This guide will look at how we can do half precision training with Apex and Torchbearer.
Note: This example requires use of a GPU, so it's easiest to run as a colab notebook, where you can enable a free GPU with
Runtime → Change runtime type → Hardware Accelerator: GPU
First we install Apex by cloning the repo and pip installing with cuda extensions.
try:
import apex
except Exception:
! git clone https://github.com/NVIDIA/apex.git
% cd apex
!pip install --no-cache-dir --global-option="--cpp_ext" --global-option="--cuda_ext" .
%cd ..
We're going to test on a MNIST model so we now create a small toy model with some batch norm to test, since batch norm sometimes has problems with half precision training. We also create the generators for the MNIST dataset and define the loss .
from torch import nn, optim
from torchvision import datasets, transforms
from torch.utils.data import DataLoader
class ToyModel(nn.Module):
def __init__(self):
super(ToyModel, self).__init__()
self.net1 = nn.Linear(784, 100)
self.relu = nn.ReLU()
self.bn = nn.BatchNorm1d(100)
self.net2 = nn.Linear(100, 10)
def forward(self, x):
return self.net2(self.bn(self.relu(self.net1(x))))
trainset = datasets.MNIST('./data/mnist', train=True, download=True,
transform=transforms.Compose([
transforms.ToTensor(),
transforms.Normalize((0.1307,), (0.3081,))
]))
train_loader = DataLoader(trainset, batch_size=128)
test_ds = datasets.MNIST('./data/mnist', train=False,
transform=transforms.Compose([
transforms.ToTensor(),
transforms.Normalize((0.1307,), (0.3081,))
]))
test_loader = DataLoader(test_ds, batch_size=128)
loss_fn = nn.CrossEntropyLoss()
We now need to initialise Apex with the automatic mixed precision (amp) module of Apex.
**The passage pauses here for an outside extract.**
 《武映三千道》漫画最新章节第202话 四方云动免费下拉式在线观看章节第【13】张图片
Here we've selected the highest opt_level O3, full half precision training. You can find out more on optimisation levels here and other arguments for the initialisation here.
We have two things to note here:
First is that we have to send the model to the GPU here instead of letting Torchbearer do it automatically, this is because Apex expects a GPU model.
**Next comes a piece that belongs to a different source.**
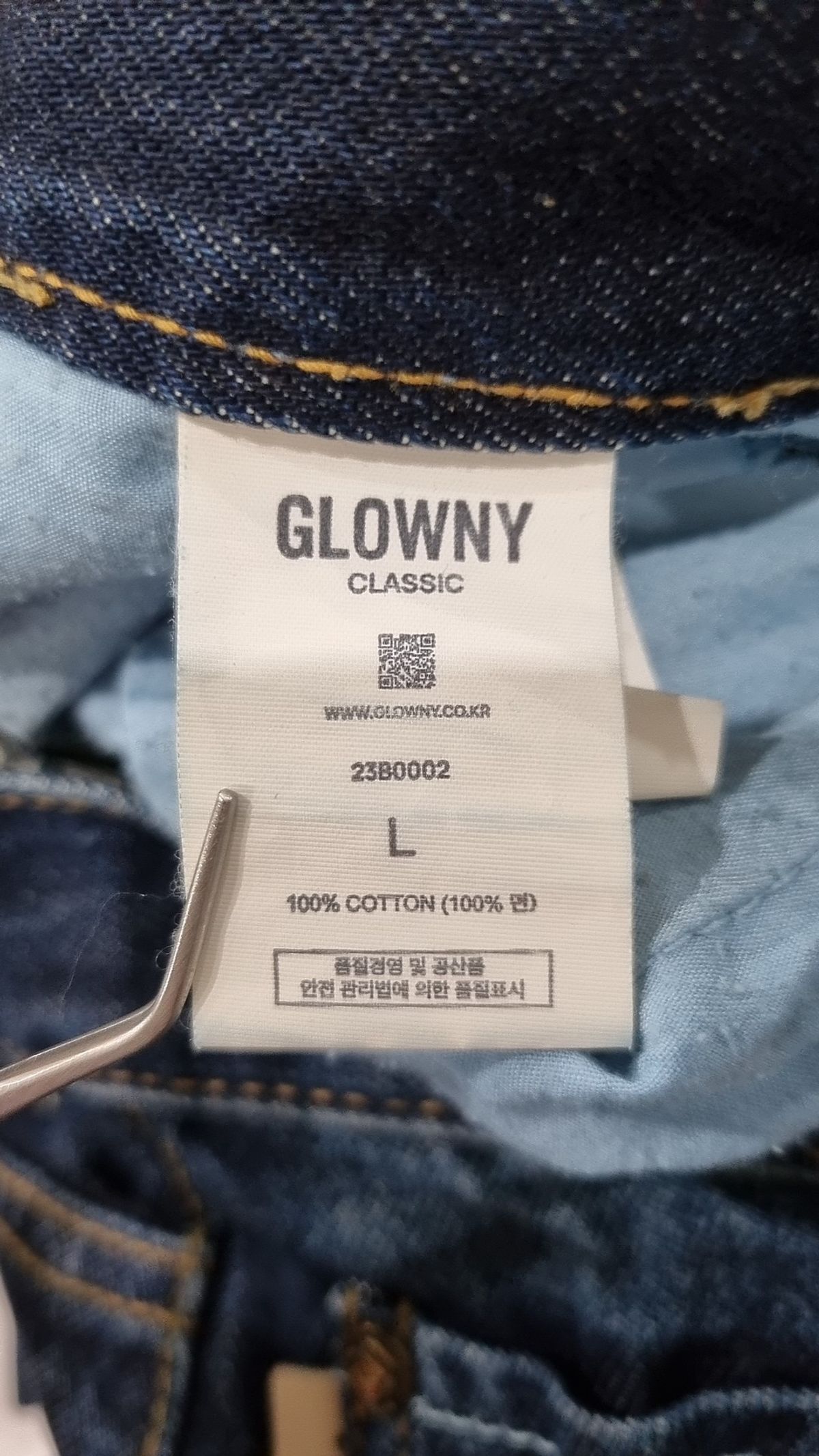 글로니(GLOWNY) 청/데님 팬츠 L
Second, if we were running this on a real problem, it is usually a good idea to enable full precision for the batch norm layers (keep_batchnorm_fp32 = True), then known as mixed precision training, since it reduces instability in training.
from apex import amp
model = ToyModel()
optimizer = optim.SGD(model.parameters(), lr=0.001)
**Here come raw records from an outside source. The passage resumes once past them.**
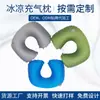 Gran cantidad en stock almohada inflable fresca de TPU almohada fresca de verano almohada fresca para siesta de verano almohada inflable fresca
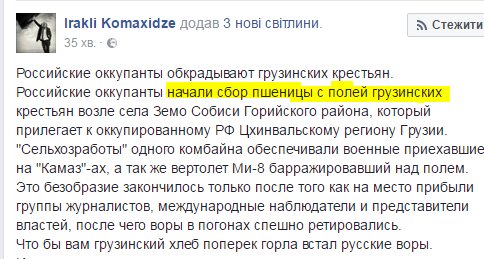 За сутки боевики дважды обстреливали КПВВ "Марьинка" и "Золотое", - ГПСУ - Цензор.НЕТ 2507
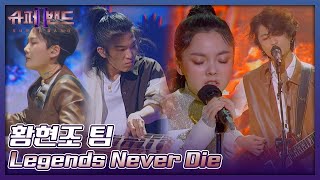 황현조 팀  Hwang Hyeonjo Team 「Legends Never Die」 𝙎𝙐𝙋𝙀𝙍𝘽𝘼𝙉𝘿2 [upl. by Dorsman]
model, optimizer = amp.initialize(model.cuda(), optimizer,
opt_level='O3',
keep_batchnorm_fp32=False,
)
Now lets do some training. Compared to a normal trial the only thing we need to change is using the apex closure, which performs the loss scaling from Apex. If we didn't want loss scaling then we wouldn't even need to do this.
try:
import torchbearer
except Exception:
!pip install torchbearer
# Alternatively
# pip install git+https://github.com/pytorchbearer/torchbearer
import torchbearer
@torchbearer.callbacks.on_sample
@torchbearer.callbacks.on_sample_validation
def flatten(state):
state[torchbearer.X] = state[torchbearer.X].view(state[torchbearer.X].shape[0], -1)
trial = torchbearer.Trial(model, optimizer, loss_fn, metrics=['loss', 'acc'], callbacks=[flatten])
trial.with_closure(apex_closure())
trial.with_train_generator(train_loader).with_val_generator(test_loader).cuda()
_ = trial.run(10, verbose=2)
We can quickly run some full precision training by using optimisation level O0. On a problem this simple, with a tiny model and easy dataset, we don't expect much improvement over half precision training (if any), but it's nice to compare anyway.
from apex import amp
model = ToyModel()
optimizer = optim.SGD(model.parameters(), lr=0.001)
model, optimizer = amp.initialize(model.cuda(), optimizer,
opt_level='O0',
)
try:
import torchbearer
except Exception:
!pip install torchbearer
import torchbearer
@torchbearer.callbacks.on_sample
@torchbearer.callbacks.on_sample_validation
def flatten(state):
state[torchbearer.X] = state[torchbearer.X].view(state[torchbearer.X].shape[0], -1)
trial = torchbearer.Trial(model, optimizer, loss_fn, metrics=['loss', 'acc'], callbacks=[flatten])
trial.with_train_generator(train_loader).with_val_generator(test_loader).cuda()
_ = trial.run(10, verbose=2)
We expect that Apex distributed will work as expected but have been unable to test it as of yet. Please let us know if you encounter any issues.